There is really no dispute as to the underlying facts herein so that the inhibitions that operate against disagreement by one who was not the trier of the facts are not present. The majority recites and does not dispute the ‘facts that petitioner consistently treated the proceeds as belonging to the corporations, that the costs of the sale of insurance were buried in the corporations' general accounting systems without separate identification, that the sale of auto insurance played an important role in the sale of autos by Shaw Ford, and that Shaw Ford employees believed themselves to be working for the corporation rather than petitioner.’ It then merely dismisses these facts as ‘ambiguous.’ Having recognized that the illegality of corporate operation of the insurance business was not, in and of itself, sufficient to justify the taxability of the income to petitioner, rather than the corporations, the majority appears to hang its hat on the facts that the petitioner was involved in the corporate enterprises and that he continued to have the ultimate personal liability to the insurance companies.

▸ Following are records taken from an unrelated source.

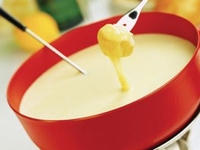 Если ты устраиваешь фондю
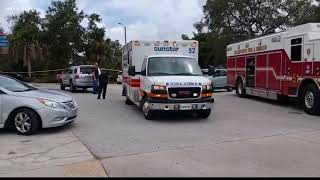 1 shot, 1 detained after shooting at Clearwater convenience store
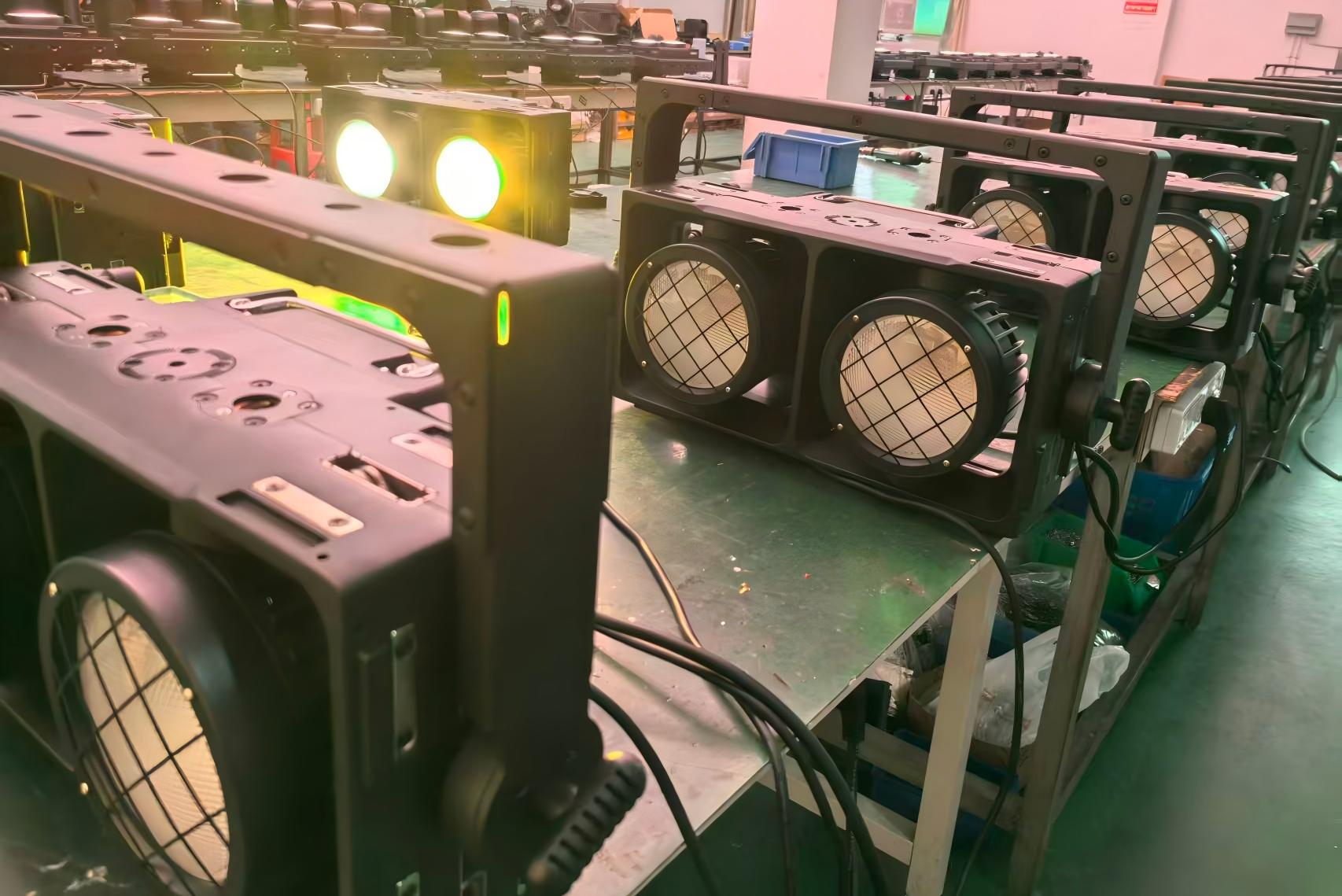 IP65 blinder lighting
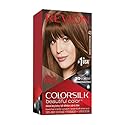 REVLON Colorsilk Beautiful Hair Permanent Hair Color, 43 Medium Golden Brown, 1.45 lb (RK-76775) Beauty & Personal Care REVLON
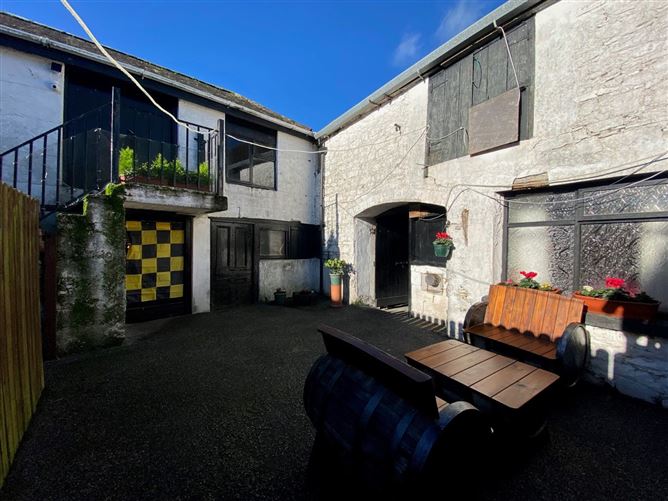 McCormacks Bar, The Corner House, Ballyragget, Co. Kilkenny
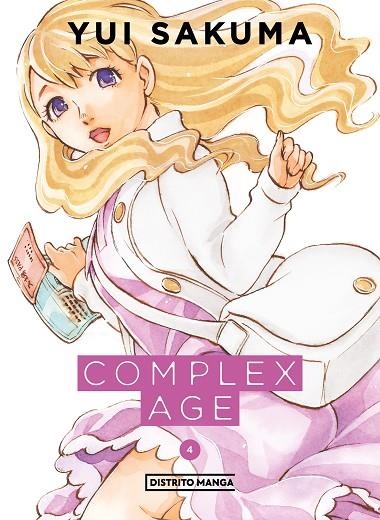 COMPLEX AGE 4 | 9788419290649 | SAKUMA, YUI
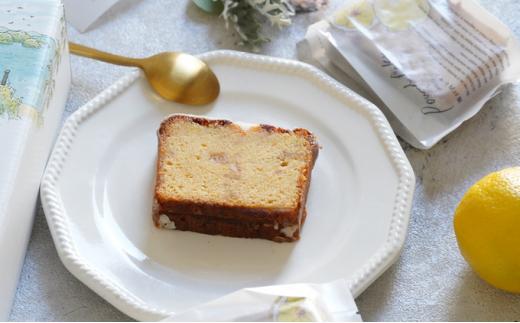 国産苺クッキー3種+パウンドケーキ2種 詰合せ（ネーブルオレンジ・レモン）岡山県産 フルーツタルト専門店【Gowdy】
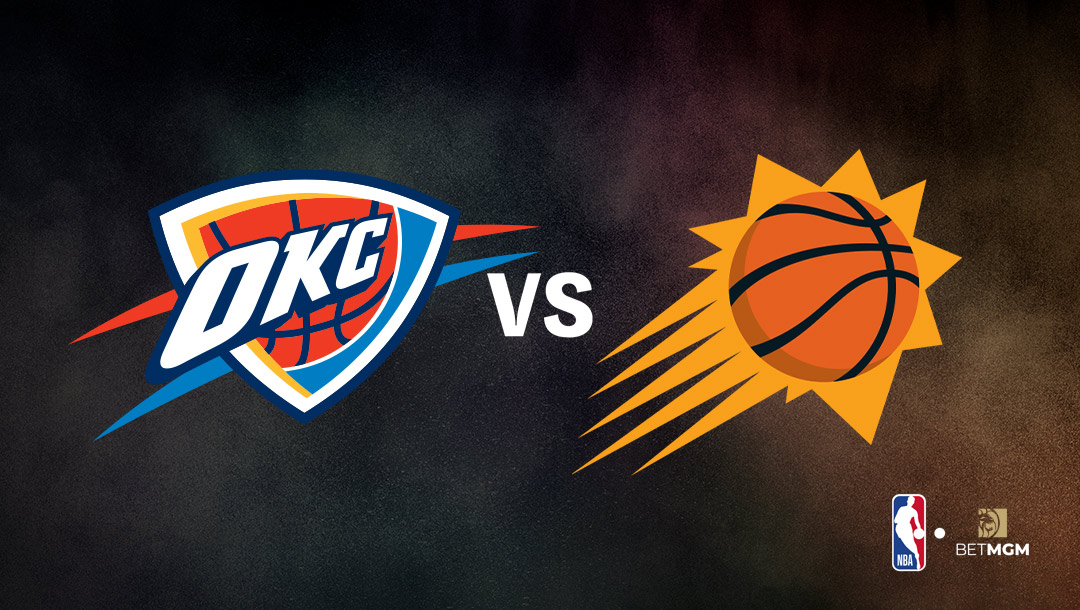 Thunder vs Suns Player Prop Bets Tonight – NBA, Mar. 8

I disagree with the majority analysis. It is clear that American and Shaw Ford in fact carried on the insurance activities. Their employees sold the insurance and shared in the commissions and handled all the claims. The corporations paid all the expenses; the customers' premium checks were received and forwarded by the corporations to the insurance companies, the commission checks were deposited directly in the corporate bank accounts, and the right to the commissions as to Shaw Ford's share of the business was used as collateral for that corporation's bank loans. Petitioner's participation was peripheral in his capacity as a corporate supervisory official. His personal liability, although direct in a technical legal sense, was in substance that of a guarantor of performance by the corporations.

There is no dispute that American and Shaw Ford were separate viable entities and entitled to be treated as such. Moline Properties v. Commissioner, 39 U.S. 436 (1943). Additionally, the majority holds— and correctly so— that the corporations should not be viewed as donees of the commissions. Cf. Blassie v. Commissioner, 394 F.2d 628 (C.A. 8, 1968), affirming a Memorandum Opinion of this Court; Kimbrell v. Commissioner, 371 F.2d 897 (C.A. 5, 1967), affirming a Memorandum Opinion of this Court.

In my opinion, the substance of the instant situation is that American and Shaw Ford performed all the services connected with the insurance and received the commissions in connection therewith. As a consequence, they, and not petitioner, should be taxable on the income represented by those commissions. The fact that the corporations may have been prohibited by law from engaging in the insurance business does not prevent this conclusion. See James v. United States, 366 U.S. 213, 219 (1961). Nor is the fact that the technical legal right to the commission income may have been vested in petitioner in and of itself sufficient to impose taxability on him. I disagree with Blassie v. Commissioner, supra, to the extent that it stands for the proposition that such a legal right is determinative. Moreover, in that case this Court found the stipulation of the parties significant and the burden of proof was on the respondent. Moke Epstein, Inc., 29 T.C. 1005 (1958), is also distinguishable on its facts.

Respondent has raised no issue as to the allocation to petitioner, under section 482, of a portion of the income of the corporation in light of the fact that, at least as to Shaw Ford,1 he received no salary from the corporation, and we express no opinion with respect thereto. Cf. Rubin v. Commissioner, 429 F.2d 650 (C.A. 2, 1970), reversing and remanding 51 T.C. 251 (1968), on remand 56 T.C. 1155 (1971), affirmed per curiam 460 F.2d 1216 (C.A. 2, 1972).

QUEALY, J., agrees with this dissent.